首都圏の中高生に当時の写真を見せながら、震災体験を語る「南三陸町ボランティアサークル(MVC)ぶらんこ」のジュニア・リーダー(JL)=2013年10月12日、宮城県本吉郡南三陸町(ワールド・ビジョン・ジャパン撮影)【拡大】
そのときまで私は、JLの被災体験を面と向かって聞いたことはなかった。いつも明るいJLからつらい体験談を聞くことに、はじめは緊張を覚えたが、2人の話が進むに連れ、余計な感情は消えていった。そこには、あの日体験したこと、そして今思うことを、自分の言葉で率直に語る2人の姿があった。2人が語った内容は私の想像を絶するものだった。そんな体験を繰り返し語るのは、たやすいことではないはずだ。それにもかかわらず、自分たちが伝えなければならないという信念を持って語り部を続ける2人の勇気を、私は心から尊敬する。2人の話は、その場にいた同世代の首都圏の中高生の心にも深く刻まれたようだった。
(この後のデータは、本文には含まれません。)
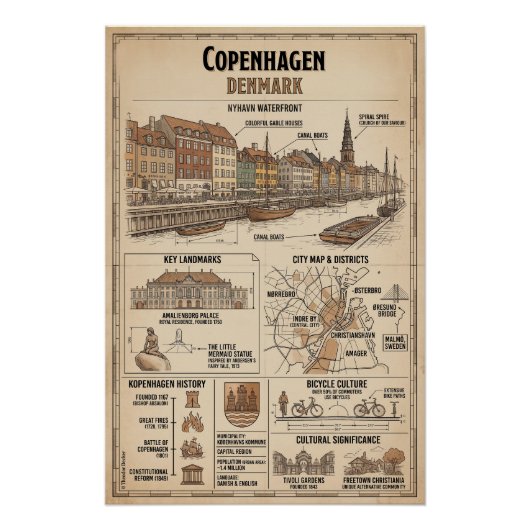 Kopenhagen poster (Vorderseite)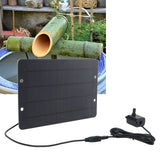 Solar Water Fountain Pump Set 6V 10W USB Solar Fountain Water Pump for Bird Bath Garden Backyard Pool - Extra Image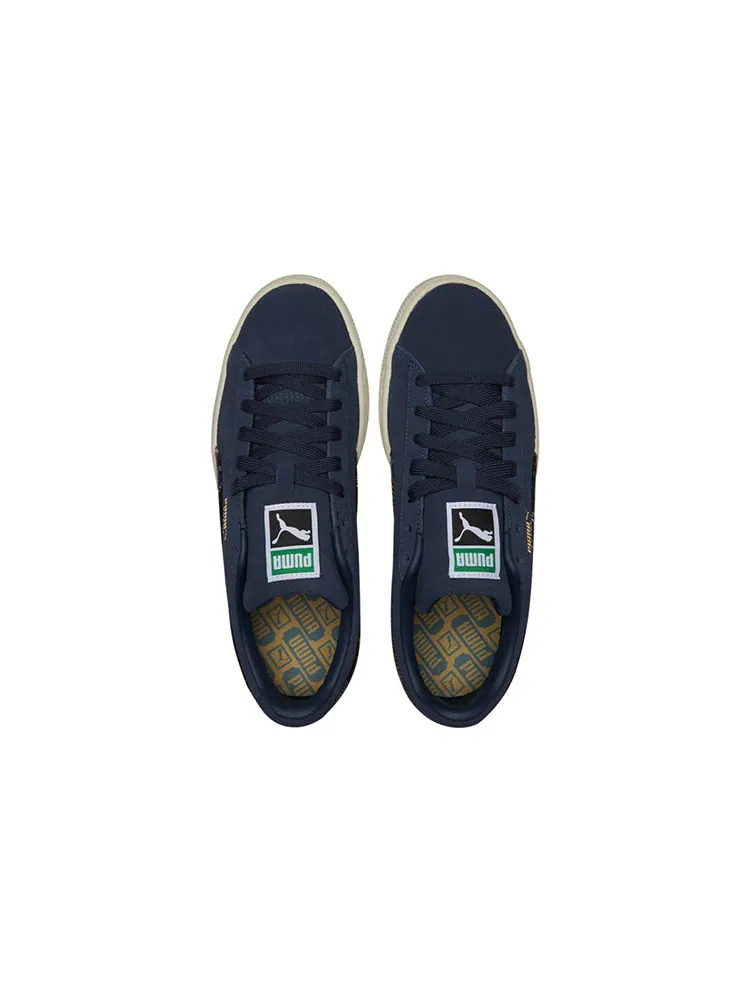 Кеды PUMA Unisex Suede Classic Flannel Sneakers Blue — изображение 5 из 7, синий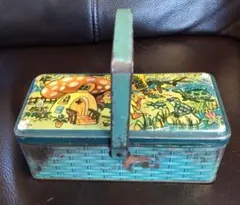 Aladdin 水筒付き アラジン ランチボックス 缶 アメリカン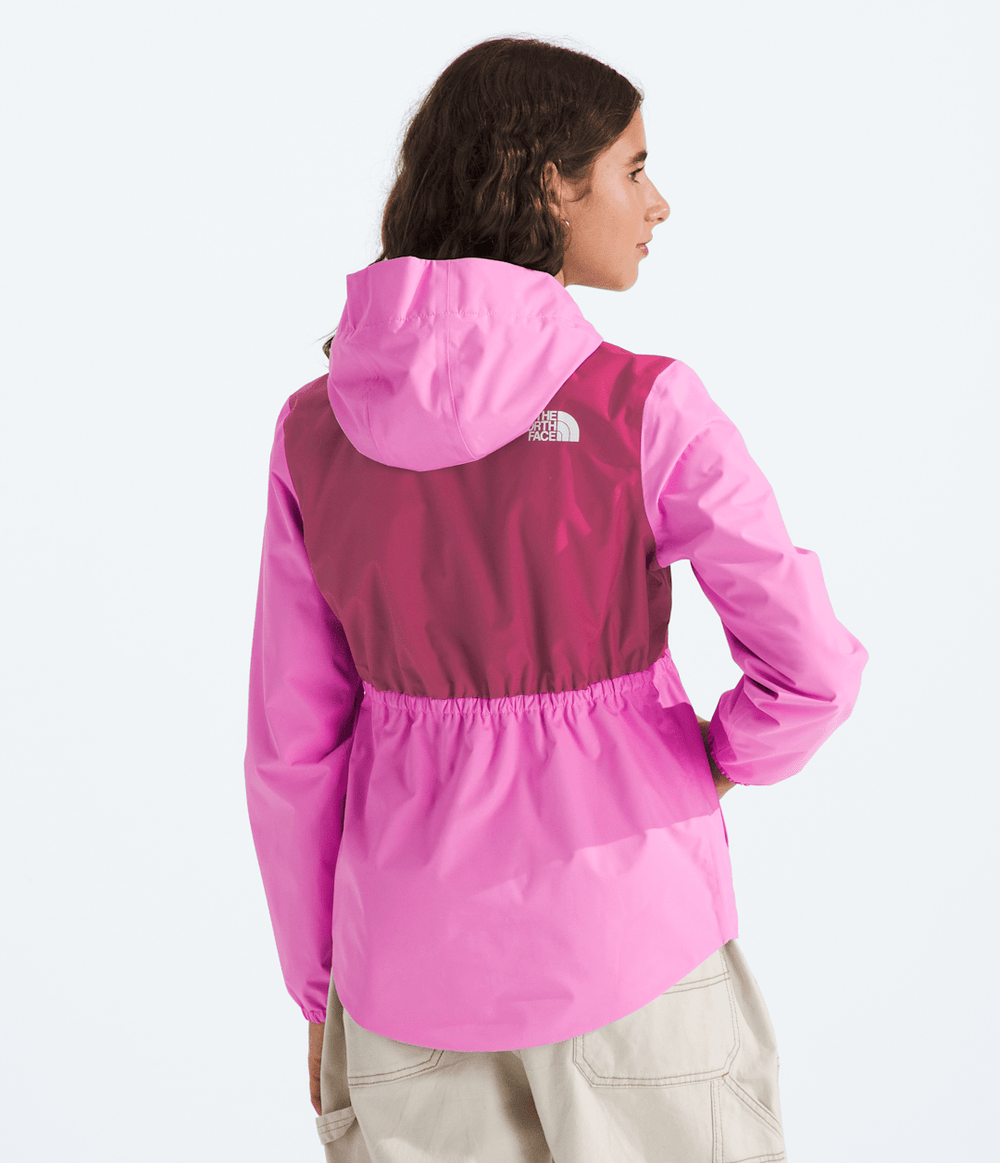 Girls’ Antora Rain Jacket Violet Crocus-Fuchsia Flash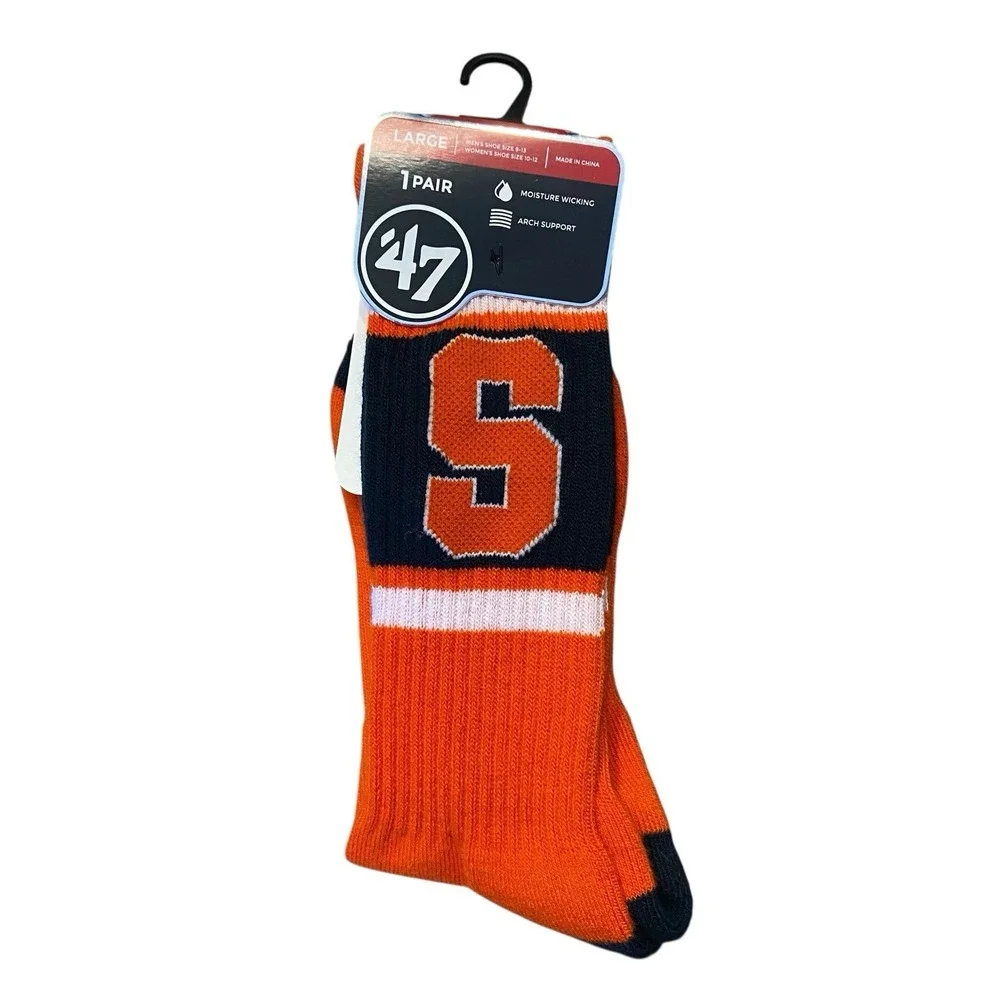 Syracuse '47 Moisture Wicking‎ Crew Socks Men's Size 9-13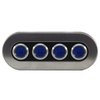MS4BSS 4-Button 40-Amp Waterproof Stainless Steel Switch Panel, w/ w/ Pre-Wired & Fused Blue LED On-Off Switches - image 2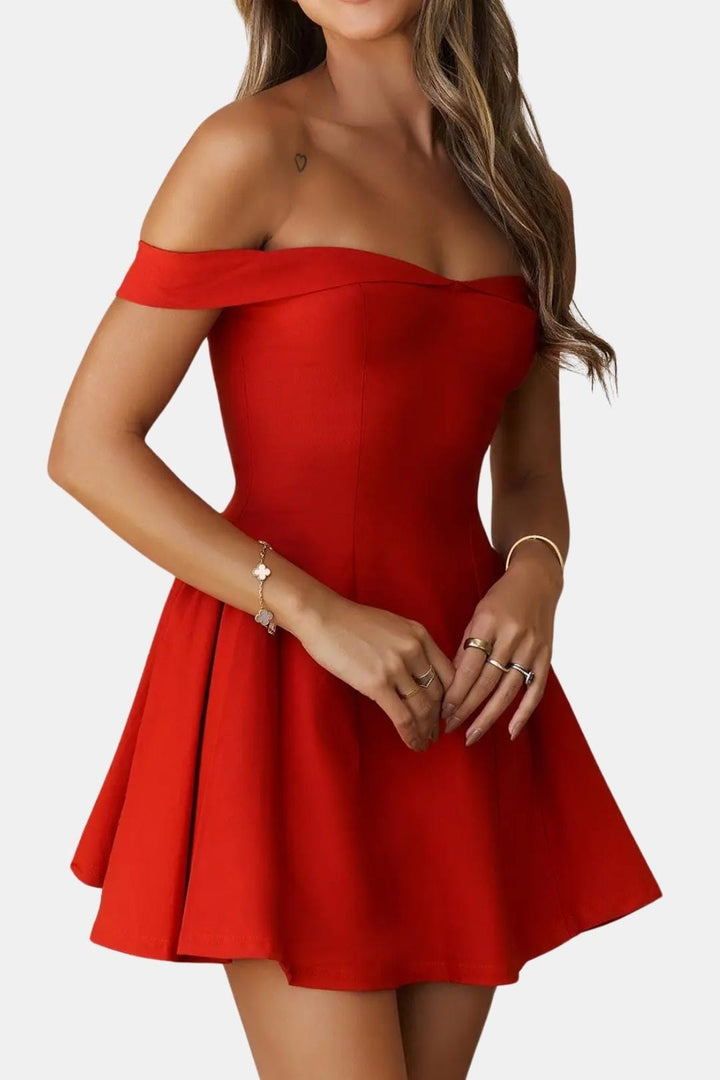 Elora | Sunset Sculpt Mini Dress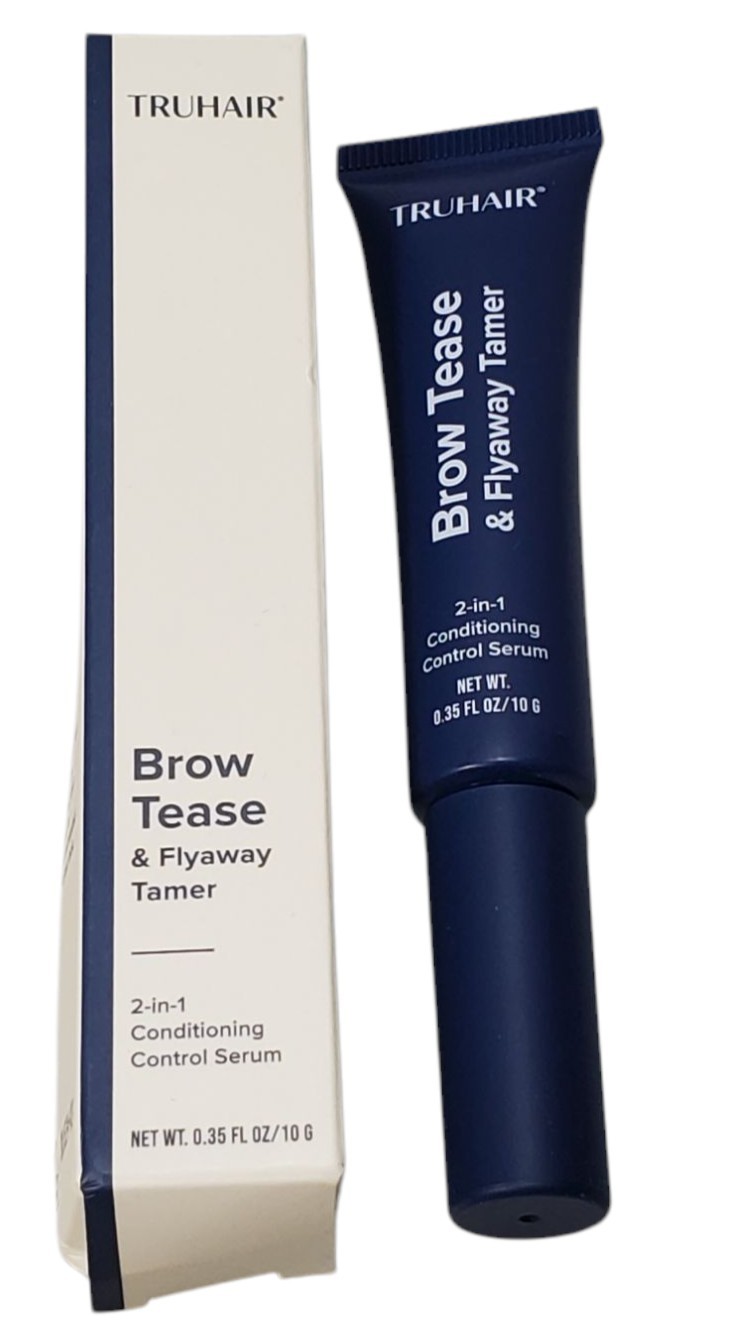 Truhair Brow Tease & Flyaway Tamer 2 In 1 Conditioning Control Serum 0.35 fl oz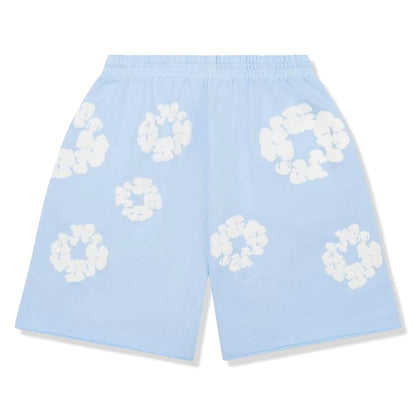 Denim Tears The Cotton Wreath Powder Blue Shorts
MVCぶらんこは、まちプロ以外にも、以前から取り組んできた子供会の手伝いや地域のイベントのボランティア、ふるさとを学ぶ「南三陸わらすこ探検隊」(南三陸町復興推進ネットワーク)への参加をはじめ、町内外で活躍している。これらの活動は、子供や大人を笑顔にするものばかりだ。MVCぶらんこが思い描く町の将来像は、そうした活動の積み重ねにより、少しずつ形になっていくのではないだろうか。